Pritchard, (Abachbahamitch in Mi’kmaq) who has studied with elders, and, in turn, has developed programs and taught at many colleges and universities including Marist, Vassar, and Pace, is presently the director of the Center for Algonquin Culture in Rosendale, N.Y. He studied Orange County’s local indigenous language, Munsee Delaware, with the esteemed late elder Beulah Timothy.
"They Walked These Paths Before Us: Honoring the Indigenous History of Orange County", a talk on local Native American history, will take place in the OCTC Great Room 101 in Kaplan Hall on Tuesday, Feb. 28 at 7 p.m. The event is free and open to the public.
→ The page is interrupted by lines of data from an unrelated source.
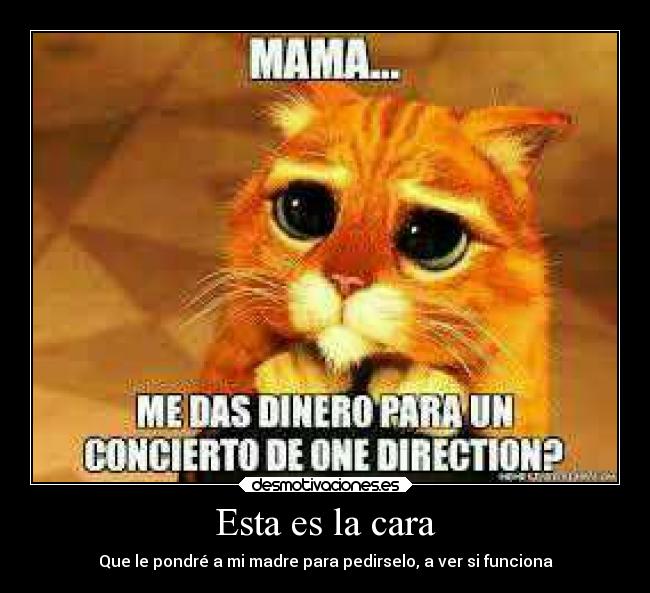 Esta es la cara - Que le pondré a mi madre para pedirselo, a ver si funciona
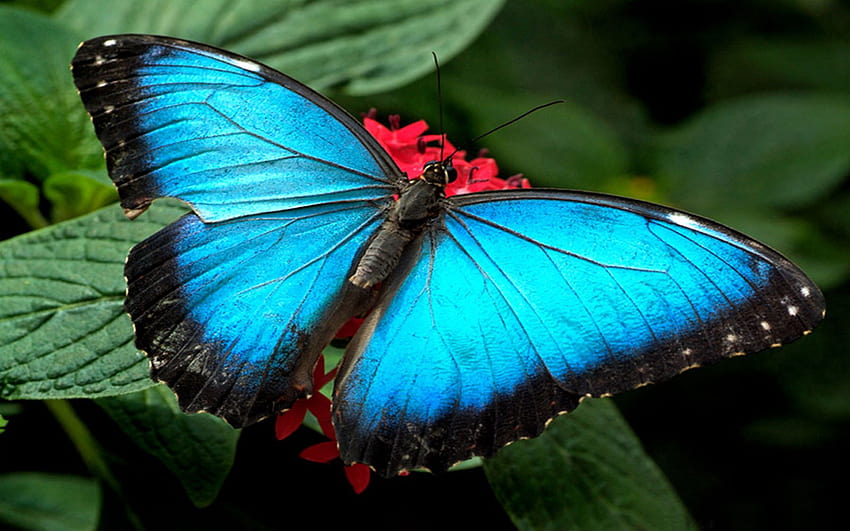 Blue Butterflies : 13, common tiger butterfly HD wallpaper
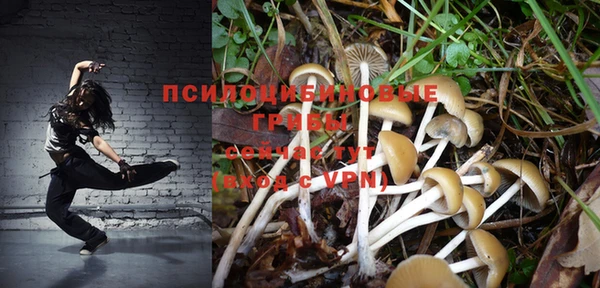 ПСИЛОЦИБИНОВЫЕ ГРИБЫ Абдулино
Beginning with drum songs and cedar flute, Pritchard will share translations, identify major villages, and describe how Newburgh has always been a hub for travel on land and water, and why the marina was one of the most important Native American ferry boat landings in the mid-Hudson region. Using maps, Pritchard will also explain how Routes 52, 32, 9W, 94, and 207 owe their existence to Native American ingenuity.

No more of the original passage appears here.